OS:AIX 6100-07
DB:Oracle 11.2.0.3
--------------------------------------------------
今天在安装配置Oracle11g的Grid时,在执行root.sh脚本的最后阶段出现了如下错误:
Start of resource "ora.cssd" failed
CRS-2672: Attempting to start 'ora.cssdmonitor' on 'oaracdb1'
CRS-2672: Attempting to start 'ora.gipcd' on 'oaracdb1'
CRS-2676: Start of 'ora.cssdmonitor' on 'oaracdb1' succeeded
CRS-2676: Start of 'ora.gipcd' on 'oaracdb1' succeeded
CRS-2672: Attempting to start 'ora.cssd' on 'oaracdb1'
CRS-2672: Attempting to start 'ora.diskmon' on 'oaracdb1'
CRS-2676: Start of 'ora.diskmon' on 'oaracdb1' succeeded
CRS-2674: Start of 'ora.cssd' on 'oaracdb1' failed
CRS-2679: Attempting to clean 'ora.cssd' on 'oaracdb1'
CRS-2681: Clean of 'ora.cssd' on 'oaracdb1' succeeded
CRS-2673: Attempting to stop 'ora.gipcd' on 'oaracdb1'
CRS-2677: Stop of 'ora.gipcd' on 'oaracdb1' succeeded
CRS-2673: Attempting to stop 'ora.cssdmonitor' on 'oaracdb1'
CRS-2677: Stop of 'ora.cssdmonitor' on 'oaracdb1' succeeded
CRS-5804: Communication error with agent process
CRS-4000: Command Start failed, or completed with errors.
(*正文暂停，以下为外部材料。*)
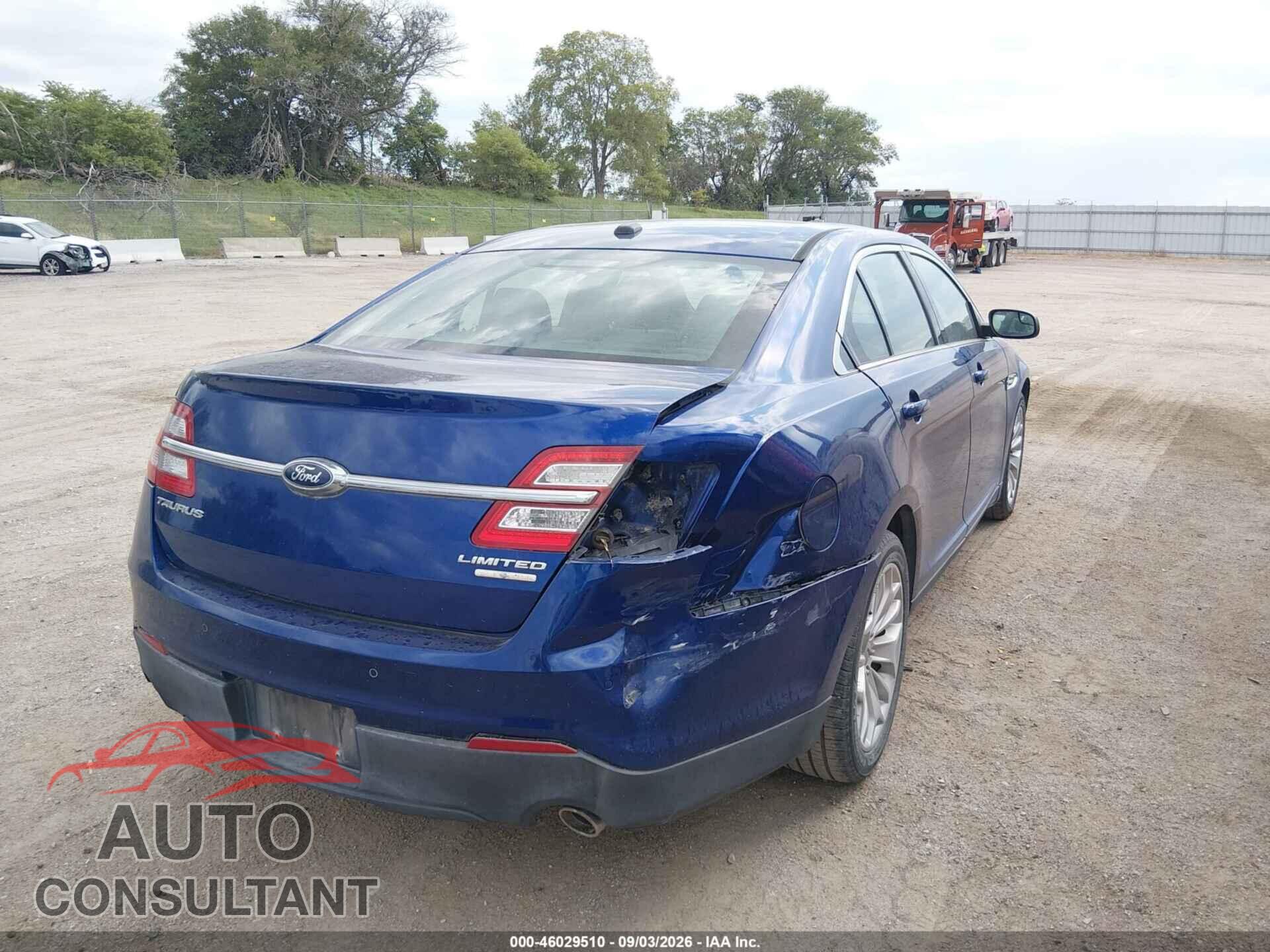 FORD TAURUS 2013 - 1FAHP2F8XDG106742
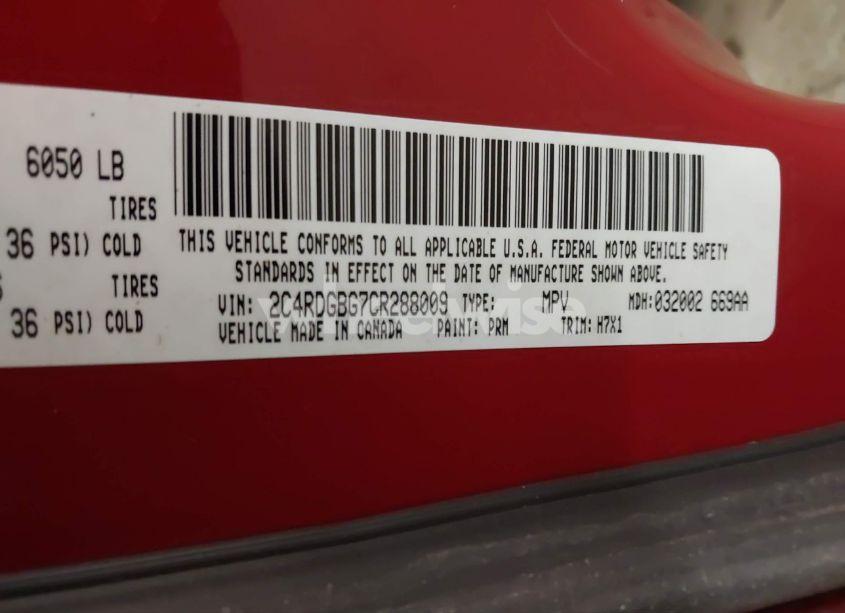 Photo 9 of 2012 Dodge Grand CARAVAN SE/AVP (VIN 2C4RDGBG7CR288009)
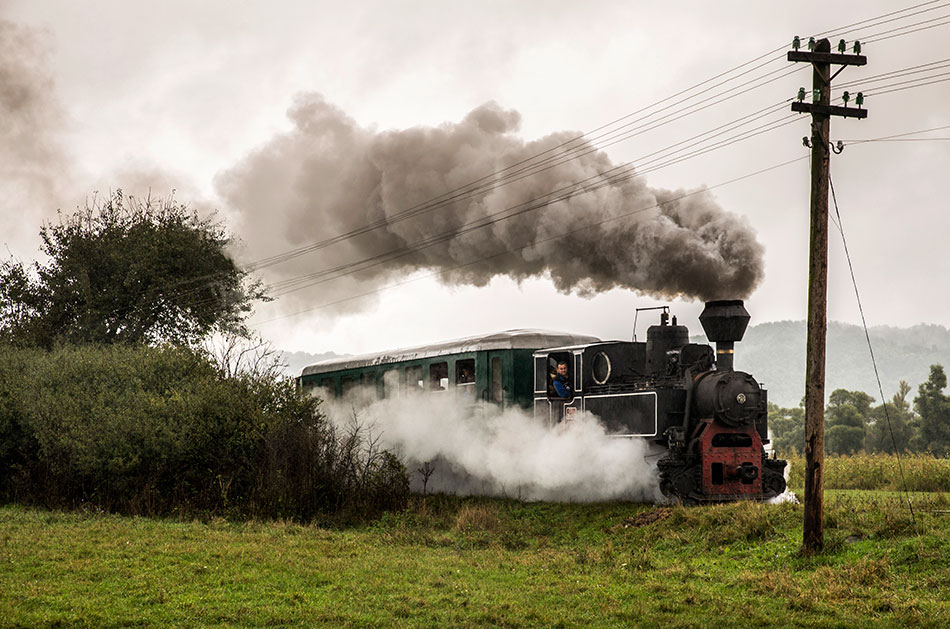 Dampflok mit Hänger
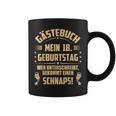 18th Birthday Guest Book To Sign 18 Years Graphic Print Coffee Mug 18th Birthday Guest Book To Sign 18 Years Graphic Print Coffee Mug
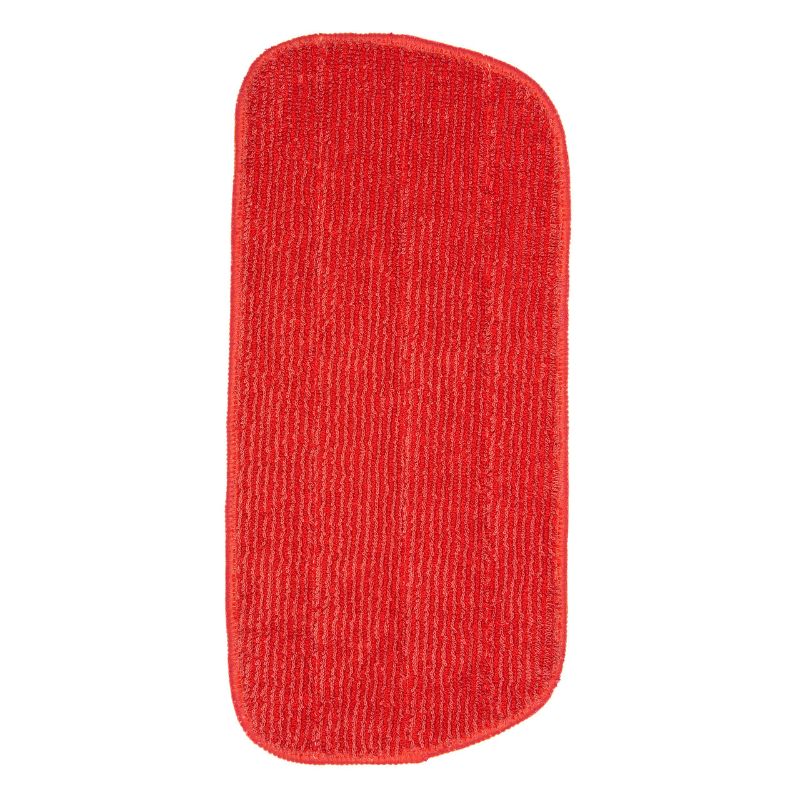 Microfiber refill pad for OXO Spray Mop, featuring a large head for trapping dirt, washable for eco-friendly cleaning.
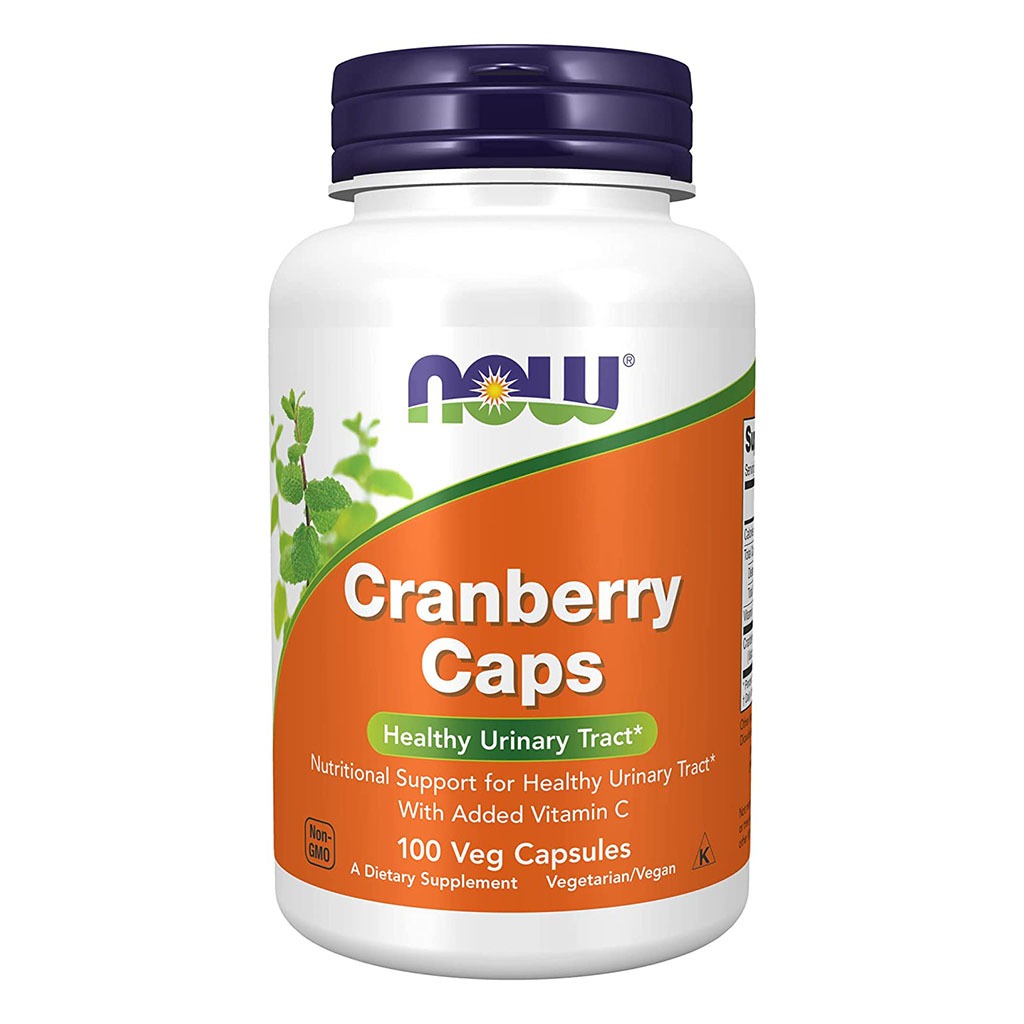 Now Cranberry Capsules With Vitamin C For Healthy Urinary Health, Pack of 100's
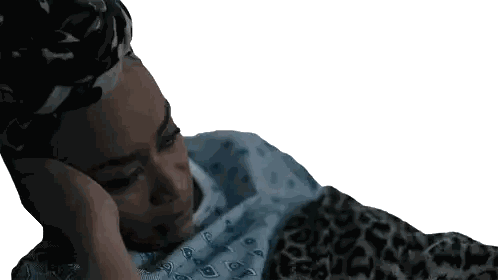 Woman In Hospital Gown Lying Down Sticker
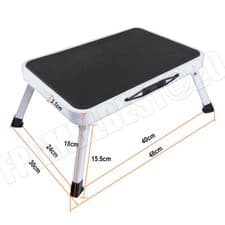 Image of Small 2Step 2 3 Step Steel Ladder Folding Anti-Slip Mat Safety Handrail UK AA++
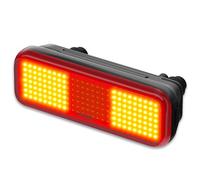 Knog Feu arrière vélo Blinder Link – 100 lumens, 50 h autonomie – Argenté Noir/Rouge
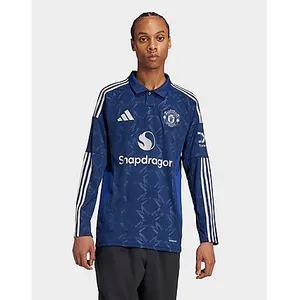 Comparateur de prix : Adidas Maillot Extérieur manches longues Manchester United 2024/25 Bleu M IT1984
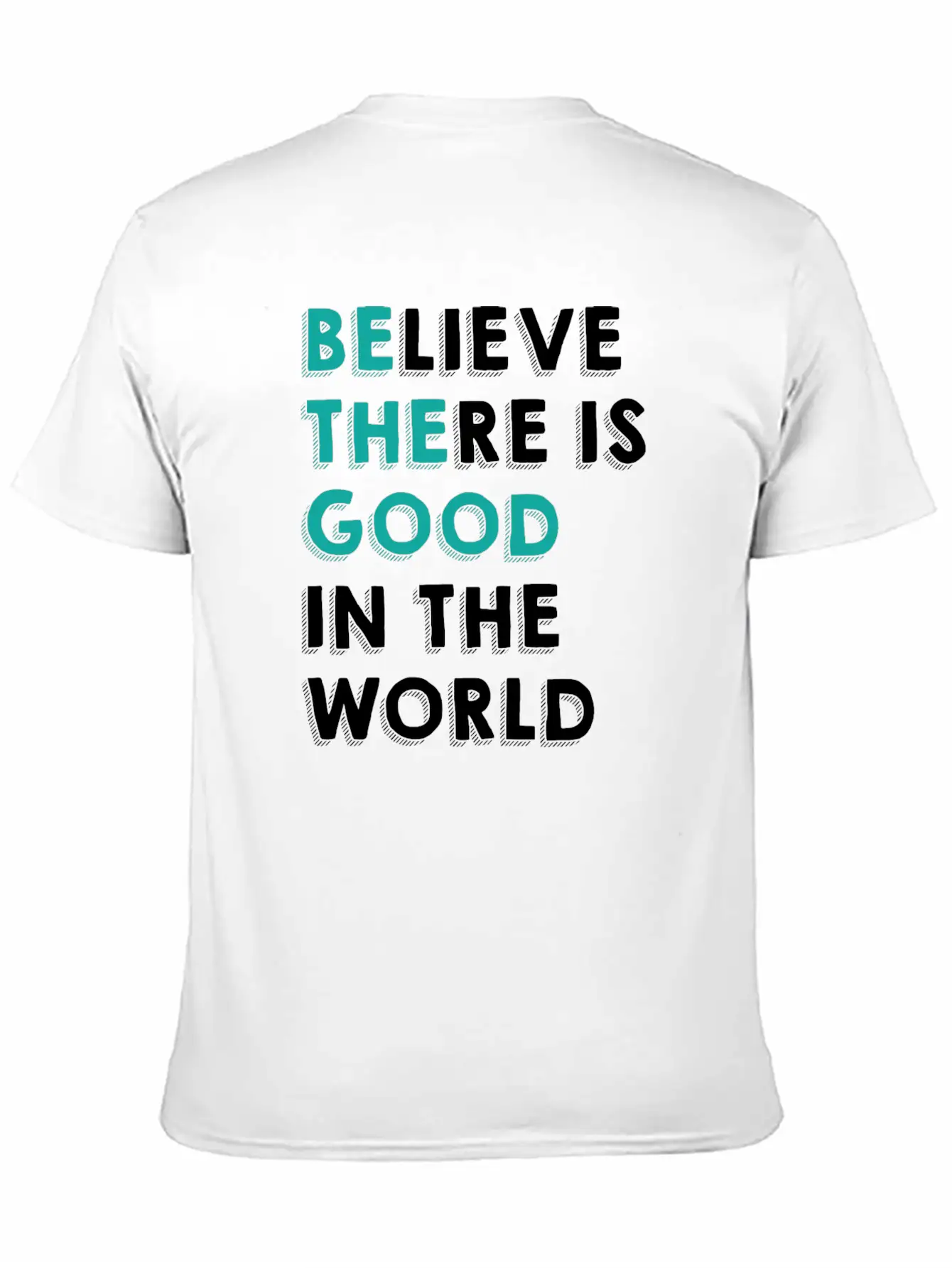 Optimism Good In The World Cool Gift Timeless Short Sleeve Tee – Comfy And Minimalist Design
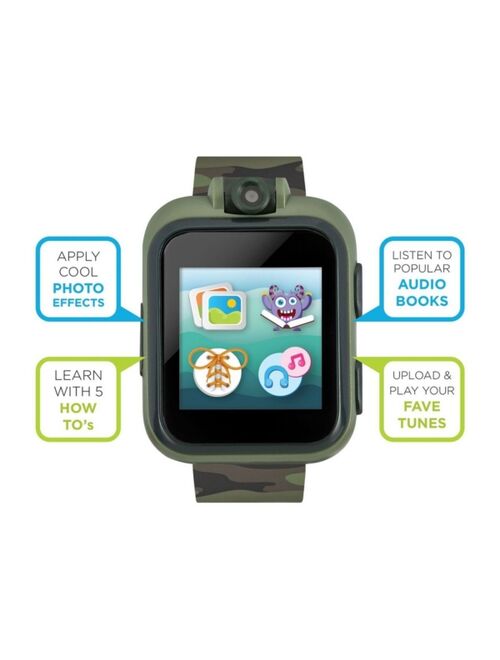 iTouch Kid's Playzoom 2 Olive Camouflage Print Tpu Strap Smart Watch 41mm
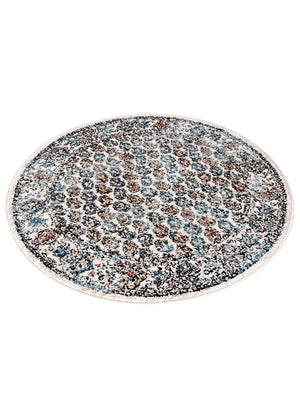Multicolor 3' 3 x 3' 3 Aramis Round Area Rug Polypropylene With Cotton Backing Easy Clean Living Room Bedroom Dining Office Carpet for Sale at Rug Engine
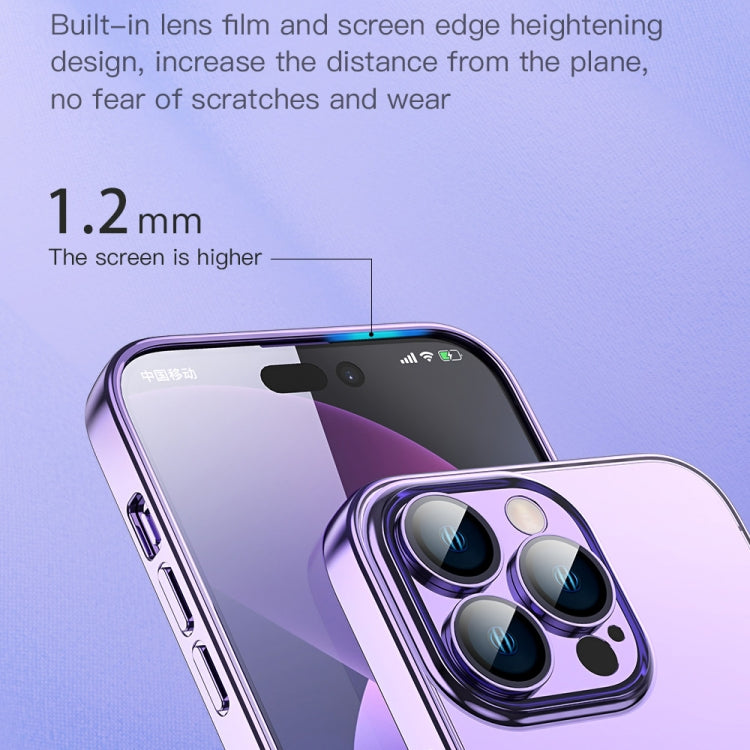 حافظة هاتف TOTUDESIGN AA-155 المصنوعة من مادة TPU المطلية بالكهرباء، مناسبة لأجهزة iPhone 14 وiPhone 14 Plus وiPhone 14 Pro وiPhone 14 Pro Max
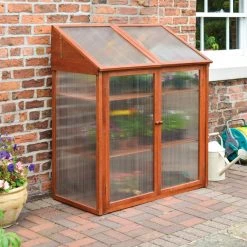 Rowlinson Hardwood Mini Greenhouse -Outdoor garden care image 106440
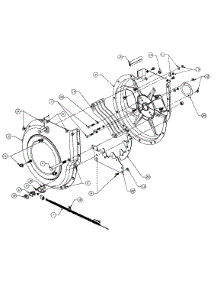 Housing Asembly parts for Craftsman Chipper-Shredder & Vac 247-335D099 / 1997 from AppliancePartsPros.com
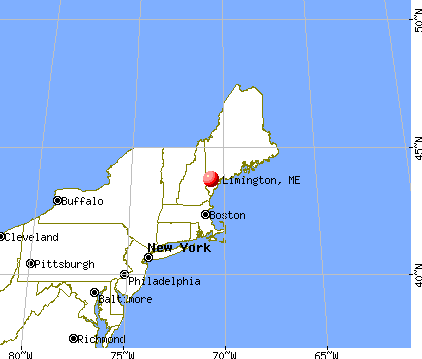 Limington, Maine map
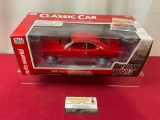 American Muscle 1970 Plymouth Duster 340 Model Car, in sealed box, approx 11 inches, 1:18 Scale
Failed to start Cluster Synchorinisation Service in clustered mode at /soft/product/11.2.0.3/gih/crs/install/crsconfig_lib.pm line 1211.
/soft/product/11.2.0.3/gih/perl/bin/perl -I/soft/product/11.2.0.3/gih/perl/lib -I/soft/product/11.2.0.3/gih/crs/install /soft/product/11.2.0.3/gih/crs/install/rootcrs.pl execution failed
[oaracdb1@root]#
出错的背景有如下:
1、当时是一个新人做的,在host表中每个节点都少了一条内网IP对于的host表记录xxx.xxx.xxx.xxx oraracdb1-priv
2、那哥们在第一个节点的root.sh脚本还没执行完,就火急火燎的在第二个节点上执行root.sh,正常情况下是应该要依次进行的。
3、节点1是系统管理员使用磁带恢复的,结果恢复出来的效果就是:转好了HACMP和Oracle客户端,这玩意只能卸掉。
最开始的处理是,添加host记录,清掉CRS,然后手工执行rootcrs.pl脚本:
/soft/product/11.2.0.3/gih/crs/install/rootcrs.pl -deconfig -force -verbose
/soft/product/11.2.0.3/gih/perl/bin/perl -I/soft/product/11.2.0.3/gih/perl/lib -I/soft/product/11.2.0.3/gih/crs/install /soft/product/11.2.0.3/gih/crs/install/rootcrs.pl
问题任然不行,于是又再次清掉CRS和HAS,然后执行root.sh脚本:
/soft/product/11.2.0.3/gih/crs/install/rootcrs.pl -deconfig -force -verbose
/soft/product/11.2.0.3/gih/crs/install/roothas.pl -deconfig -force -verbose
/soft/product/11.2.0.3/gih/root.sh
结果问题还是没解决,于是google了一把,发现可能是HACMP没有卸载干净,存在HACMP和Oracle Database 11gR2 Grid Infrastructure不兼容的问题。
由于是生产系统,要求安装配置一次过,所以就只能想把Grid Infrastructure卸载掉再重新安装了,同时也清理了一下HACMP的残留文件:
1、删掉/usr/sbin/cluster目录
2、删除"hagsuser"用户组
3、删除/var/ha/soc这的其他文件及目录,只保留hats目录
4、Modify rootpre.sh file by removing HACMP related part from this file and run rootpre.sh again.其实还不如直接重启服务器
最后重装就OK了。